------ MATERIAL SUPPLIED ------
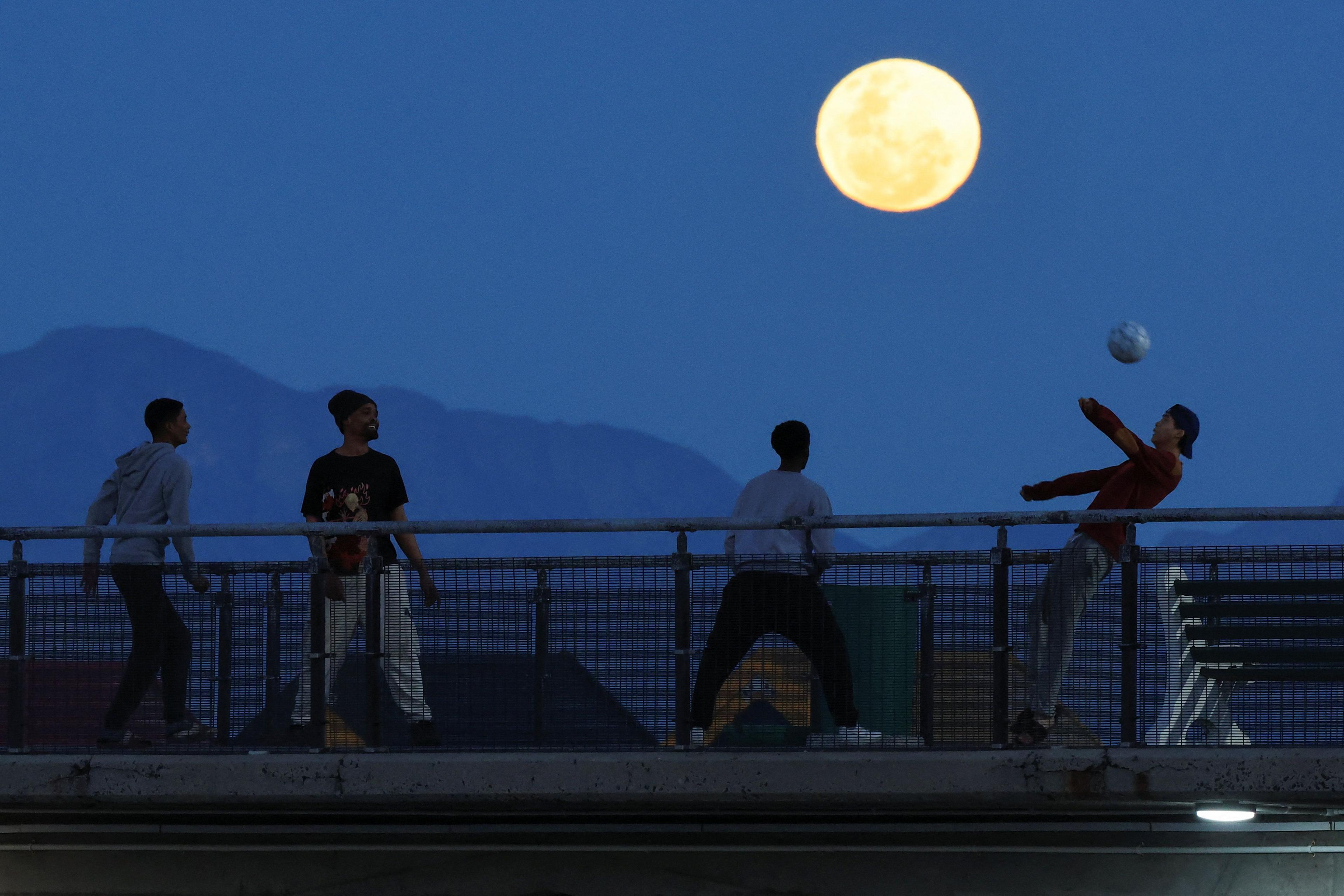 Youth play soccer as the full moon rises over Muizenberg, Cape Town, South Africa.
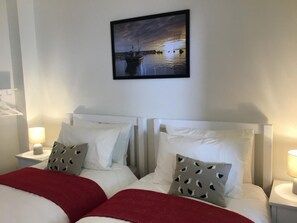 Ein Hotelzimmer mit zwei Betten, weißen Kopfteilen und einem Nachttisch mit Lampe.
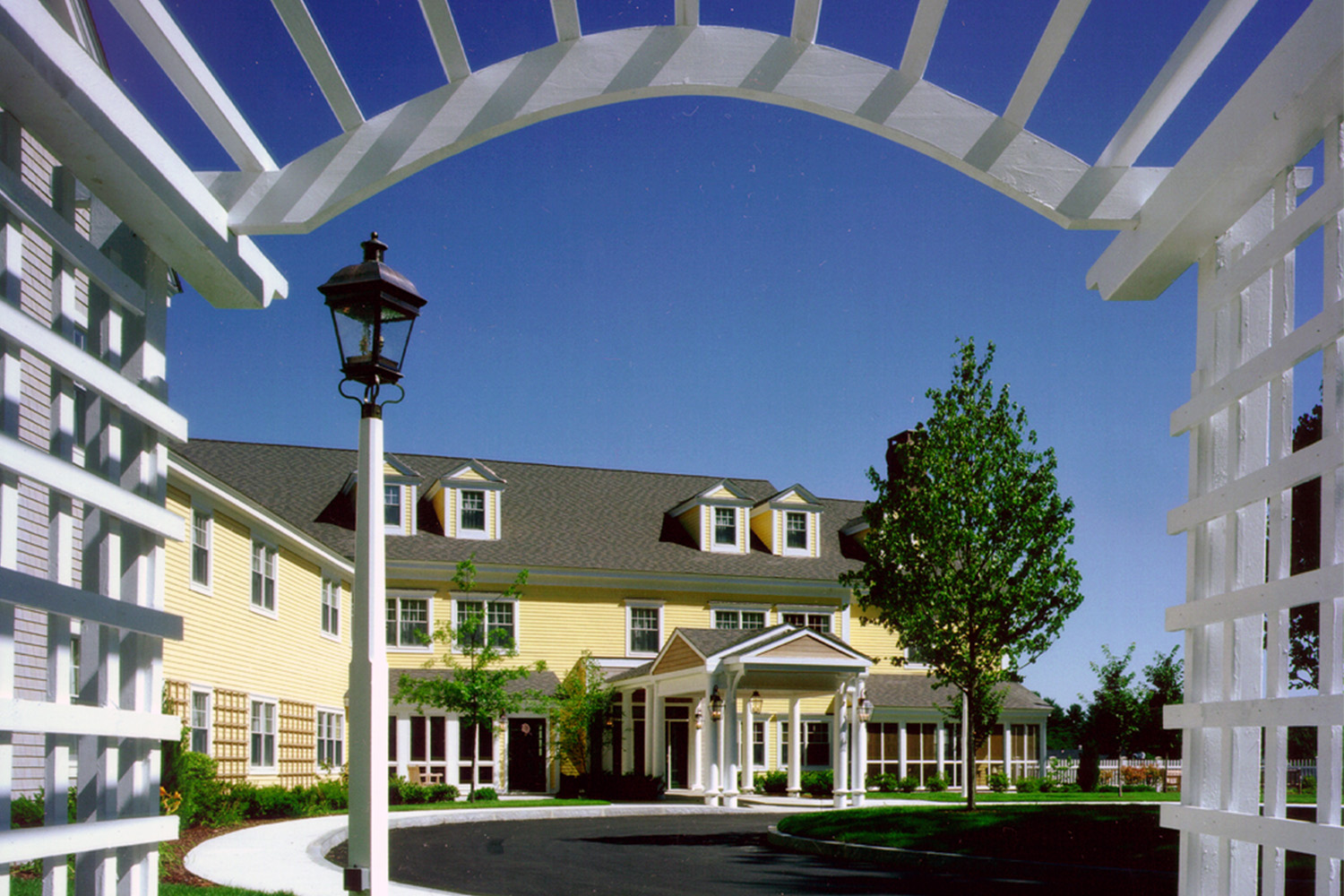 View of exterior as seen from under elegant white gateway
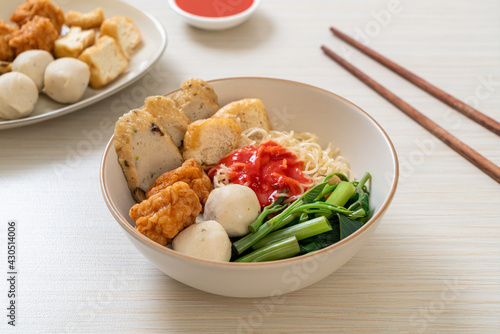 egg noodles with fish balls and shrimp balls in pink sauce, Yen Ta Four or Yen Ta Fo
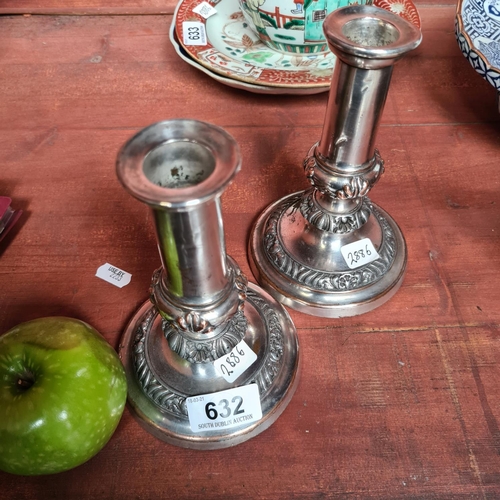 632 - Pair of silver plated candlesticks.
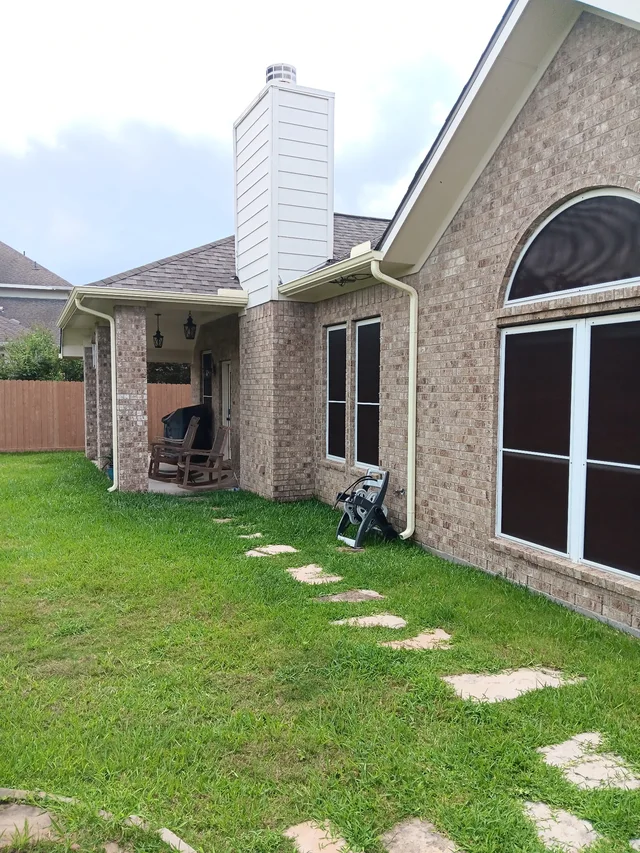 Gutters stepping around a two-story exterior
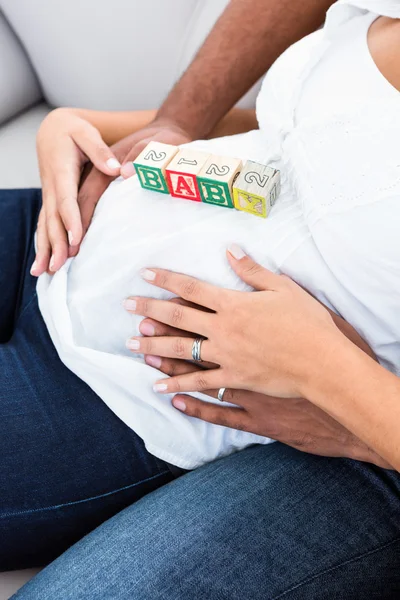 Zwangere buik met speelgoed — Stockfoto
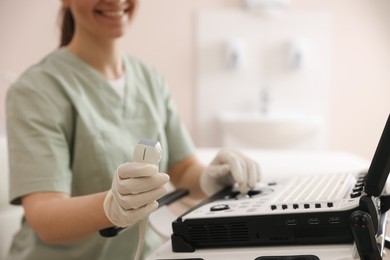 Photo of Professional sonographer with ultrasound machine in clinic, closeup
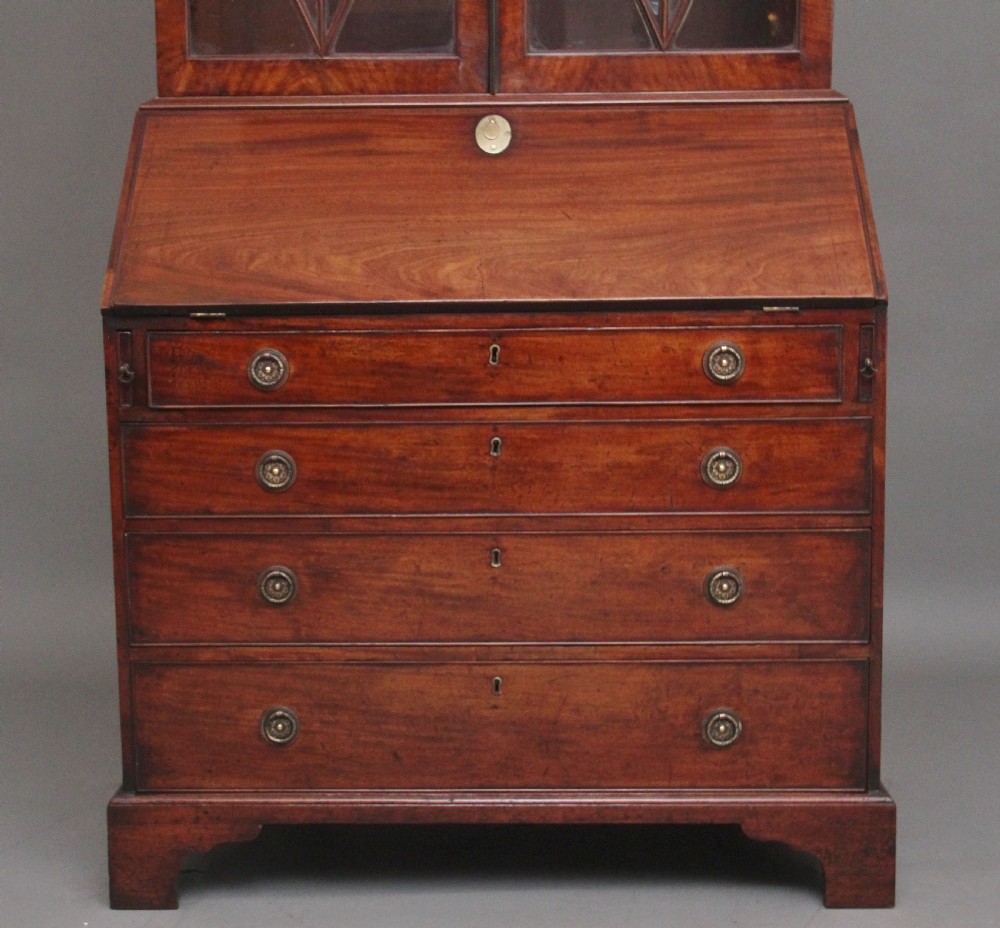 An early nineteenth-century mahogany bureau bookcase featuring a swan-neck pediment, diamond astragal glazed upper doors, a slant-front writing flap, and four graduated drawers. View V
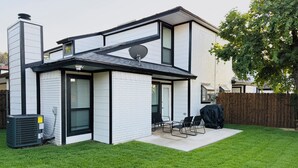 A modern two-story house with a covered patio, a satellite dish, and a large window. - Arlington Entertainment District Home Orange Door (Arlington)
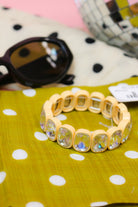 Billie Beaded Bracelet in beige with clear crystal stones, styled beside sunglasses and a disco ball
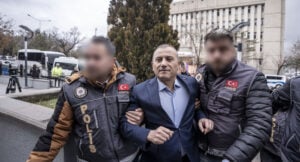 Man in a blue suit being escorted by two police officers wearing 'POLIS' jackets with Turkish flags in an urban area. Central figure looks forward as officers hold his arms.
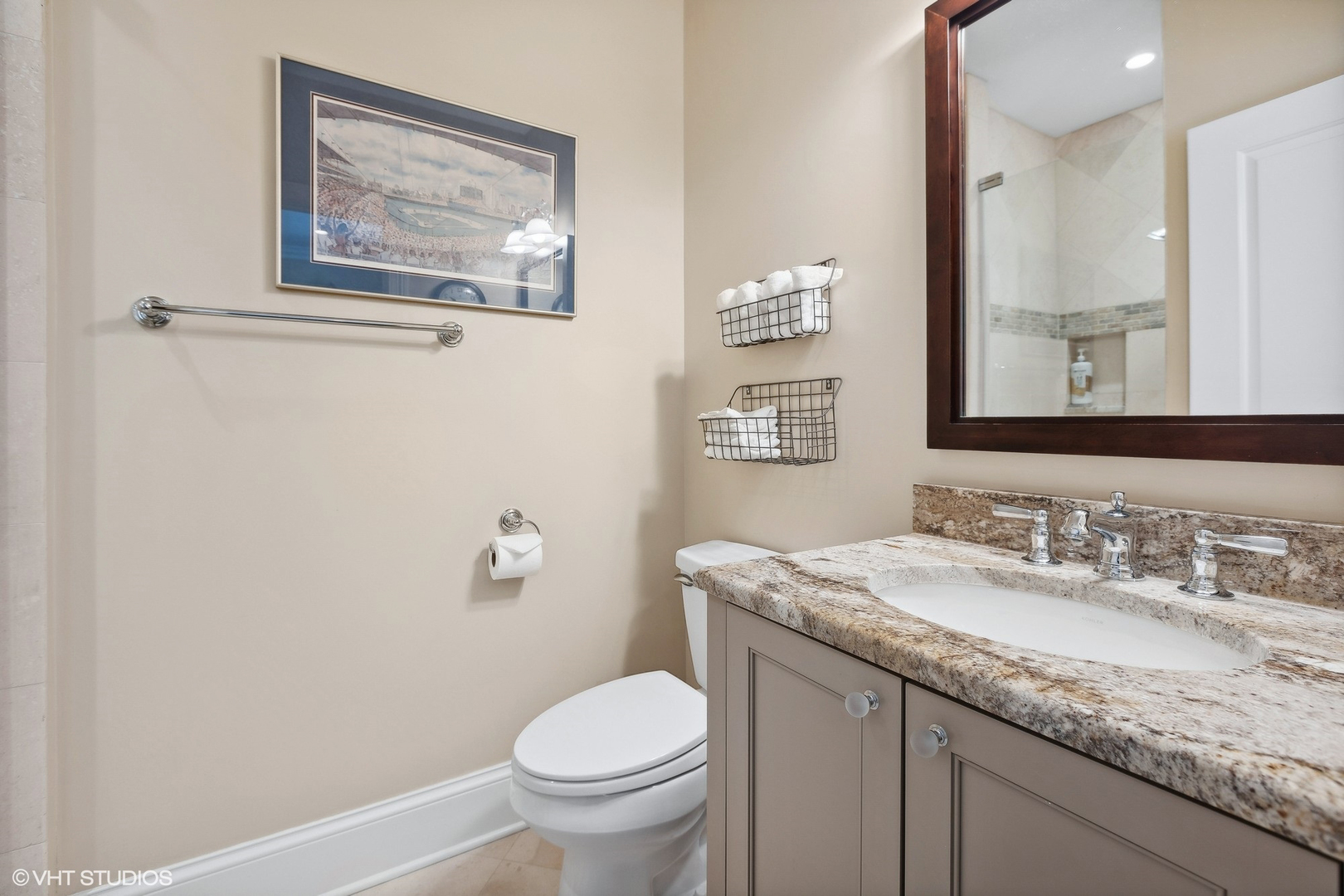 1429 West Cullom Avenue Chicago, IL 60613 - Photo 31 of 53 a bathroom with a granite countertop sink mirror vanity and toilet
------
● BRIEF
Please output, exactly as written, the lines above from the one holding "View of exterior" through the one holding "Billie Beaded Bracelet", both included, with the pictures omitted.

● REPLY
 View of exterior as seen from under elegant white gateway
 egg noodles with fish balls and shrimp balls in pink sauce, Yen Ta Four or Yen Ta Fo
 632 - Pair of silver plated candlesticks.
 Gutters stepping around a two-story exterior
 Zwangere buik met speelgoed — Stockfoto
 Photo of Professional sonographer with ultrasound machine in clinic, closeup
 An early nineteenth-century mahogany bureau bookcase featuring a swan-neck pediment, diamond astragal glazed upper doors, a slant-front writing flap, and four graduated drawers. View V
 A modern two-story house with a covered patio, a satellite dish, and a large window. - Arlington Entertainment District Home Orange Door (Arlington)
 Billie Beaded Bracelet in beige with clear crystal stones, styled beside sunglasses and a disco ball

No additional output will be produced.